Jusqu'à ce que Jem ne le frappe. Jamais auparavant il n'avait frappé
Will, qu'importe à quel point son parabatai pouvait se
montrer exaspérant. Qu'importe à quel point il était destructeur
pour les autres, qu'importe sa cruauté désinvolte, qu'importe son
esprit aussi aiguisé qu'un poignard, Jem n'avait jamais levé la
main sur lui. Jusqu'à maintenant.
Le
crin était d'ores et déjà enduit de colophane; il dégourdit ses
doigts avant de saisir l'archet puis prit quelques profondes
inspirations. Il commençait à sentir le yin fen courir dans
ses veines, incendier son sang comme le feu embrase la poudre à
canon. Une fois encore, il pensa à Will, allongé sur le lit à la
fumerie d'opium, les pommettes rouges, son visage doux et innocent
endormi, une joue enfoncée dans la paume de sa main, comme un
enfant. Jem se souvint l'époque où Will avait été aussi jeune,
bien qu'il n'eût jamais connu l'innocence.
Il
posa l'archet sur les cordes et se mit à jouer. Un doux jeu, au
début. Il jouait Will perdu dans des rêves, trouvant le réconfort
dans un brouillard toxique qui feutrait sa douleur. Jem pouvait au
moins lui envier cela. Le yin fen n'était pas un baume ;
il n'y trouvait pas ce que les mangeurs d'opium appréciaient dans
leur pipe, ou les alcooliques dans le dépôt au fond d'une bouteille
de gin. Sans la substance, ce n'était qu'épuisement et lassitude,
et avec, l'énergie et la fièvre. Mais la douleur ne lui accordait
aucun répit.
Les
genoux de Jem cédèrent et il s'effondra sur la malle au pied de son
lit, tout en continuant de jouer. Il joua Will murmurant le nom
Cecily ; lui-même, observant l'éclat de sa propre bague au
doigt de Tessa, dans le train pour York, tout en sachant que c'était
de la comédie, tout en sachant également qu'il aurait aimé que ce
fut réel. Il joua la douleur dans les yeux de Tessa lorsqu'elle
était venue dans la salle de musique après que Will lui eut dit
qu'elle n'aurait jamais d'enfants. C'était une chose impardonnable,
certes, comment avait-il osé ? Et pourtant, Jem lui avait
pardonné. L'amour est pardon, il y avait toujours cru. Et les choses
que Will avait dites, il les avait sorties d'un puits de douleur sans
fond.

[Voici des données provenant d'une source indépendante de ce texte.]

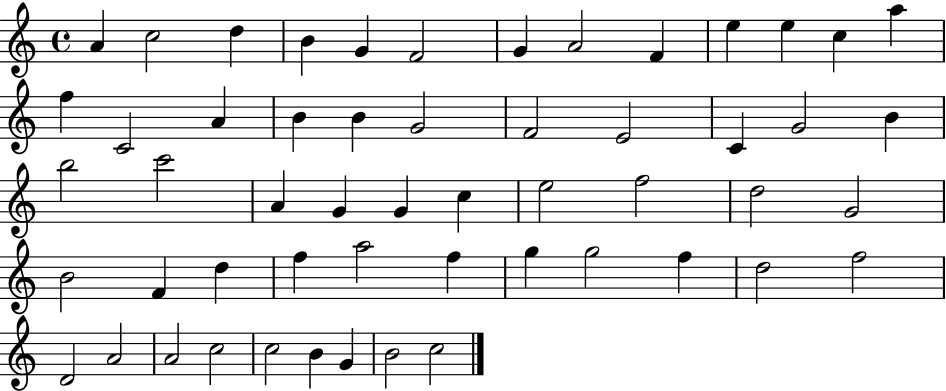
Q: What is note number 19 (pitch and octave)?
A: G4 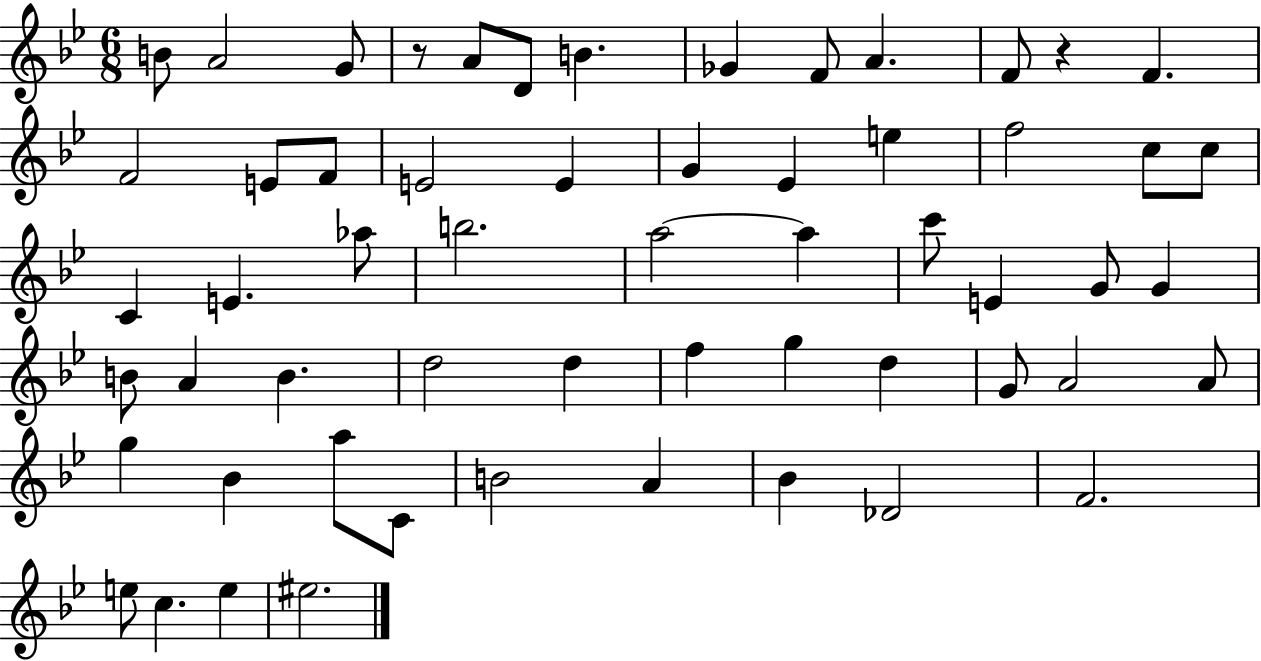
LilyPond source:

{
  \clef treble
  \numericTimeSignature
  \time 6/8
  \key bes \major
  b'8 a'2 g'8 | r8 a'8 d'8 b'4. | ges'4 f'8 a'4. | f'8 r4 f'4. | \break f'2 e'8 f'8 | e'2 e'4 | g'4 ees'4 e''4 | f''2 c''8 c''8 | \break c'4 e'4. aes''8 | b''2. | a''2~~ a''4 | c'''8 e'4 g'8 g'4 | \break b'8 a'4 b'4. | d''2 d''4 | f''4 g''4 d''4 | g'8 a'2 a'8 | \break g''4 bes'4 a''8 c'8 | b'2 a'4 | bes'4 des'2 | f'2. | \break e''8 c''4. e''4 | eis''2. | \bar "|."
} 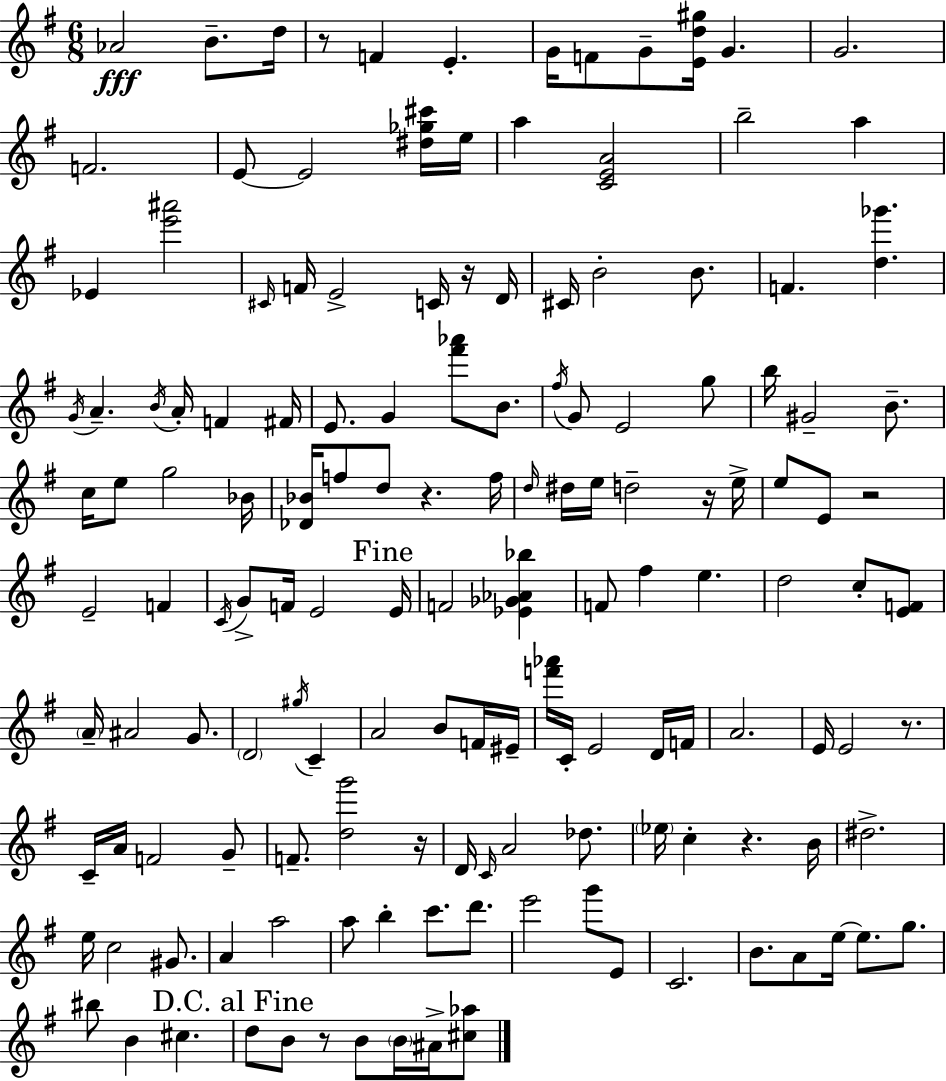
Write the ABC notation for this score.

X:1
T:Untitled
M:6/8
L:1/4
K:Em
_A2 B/2 d/4 z/2 F E G/4 F/2 G/2 [Ed^g]/4 G G2 F2 E/2 E2 [^d_g^c']/4 e/4 a [CEA]2 b2 a _E [e'^a']2 ^C/4 F/4 E2 C/4 z/4 D/4 ^C/4 B2 B/2 F [d_g'] G/4 A B/4 A/4 F ^F/4 E/2 G [^f'_a']/2 B/2 ^f/4 G/2 E2 g/2 b/4 ^G2 B/2 c/4 e/2 g2 _B/4 [_D_B]/4 f/2 d/2 z f/4 d/4 ^d/4 e/4 d2 z/4 e/4 e/2 E/2 z2 E2 F C/4 G/2 F/4 E2 E/4 F2 [_E_G_A_b] F/2 ^f e d2 c/2 [EF]/2 A/4 ^A2 G/2 D2 ^g/4 C A2 B/2 F/4 ^E/4 [f'_a']/4 C/4 E2 D/4 F/4 A2 E/4 E2 z/2 C/4 A/4 F2 G/2 F/2 [dg']2 z/4 D/4 C/4 A2 _d/2 _e/4 c z B/4 ^d2 e/4 c2 ^G/2 A a2 a/2 b c'/2 d'/2 e'2 g'/2 E/2 C2 B/2 A/2 e/4 e/2 g/2 ^b/2 B ^c d/2 B/2 z/2 B/2 B/4 ^A/4 [^c_a]/2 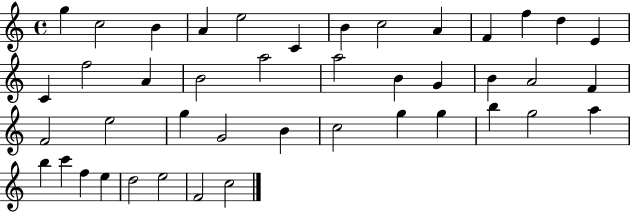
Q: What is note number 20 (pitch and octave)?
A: B4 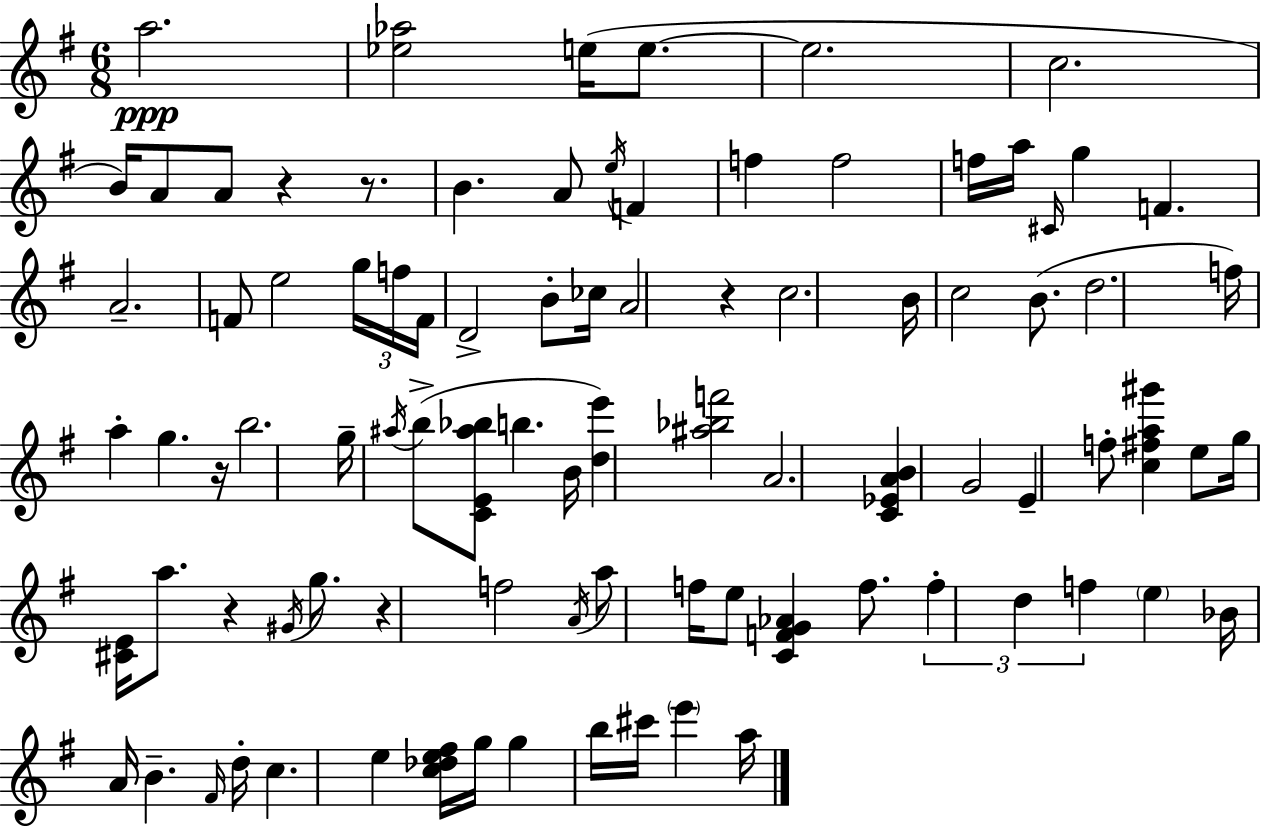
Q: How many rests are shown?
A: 6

Jem en ignorait la source, mais il la savait réelle autant que
l'inéluctabilité de sa propre mort, autant que son amour nouveau
pour Tessa Gray et autant que l'impossibilité d'y remédier.
Il
jouait tout cela à la fois, à présent ; il jouait tous ces
cœurs brisés tandis que le son du violon l'enveloppait, le
bouleversait. Il ferma les yeux et...
La
porte s'ouvrit. Il en discerna le son à travers la musique, mais un
instant, il refusa d'y croire car il entendit la voix de Tessa dire
son nom.
- Jem ?
Elle
était sûrement un rêve conjuré par la musique, la drogue et son
esprit fébrile. Il continuait de jouer, il continuait de jouer sa
propre rage et sa propre colère contre Will ; car bien qu'il
ait toujours excusé Will pour sa cruauté envers les autres, il ne
pourrait jamais lui pardonner de se mettre en danger.
- Jem !
La
voix de Tessa apparut une nouvelle fois et tout à coup, deux mains
étaient sur les siennes et arrachaient l'archer de sa prise. Sous le
choc, il la laissa faire avant de lever les yeux vers elle.
- Jem, arrêtez !
Votre violon, votre si beau violon, vous allez l'abîmer.
Elle
était penchée vers lui, une robe de chambre enfilée par-dessus sa
chemise de nuit blanche. Il se souvenait de cette chemise de nuit.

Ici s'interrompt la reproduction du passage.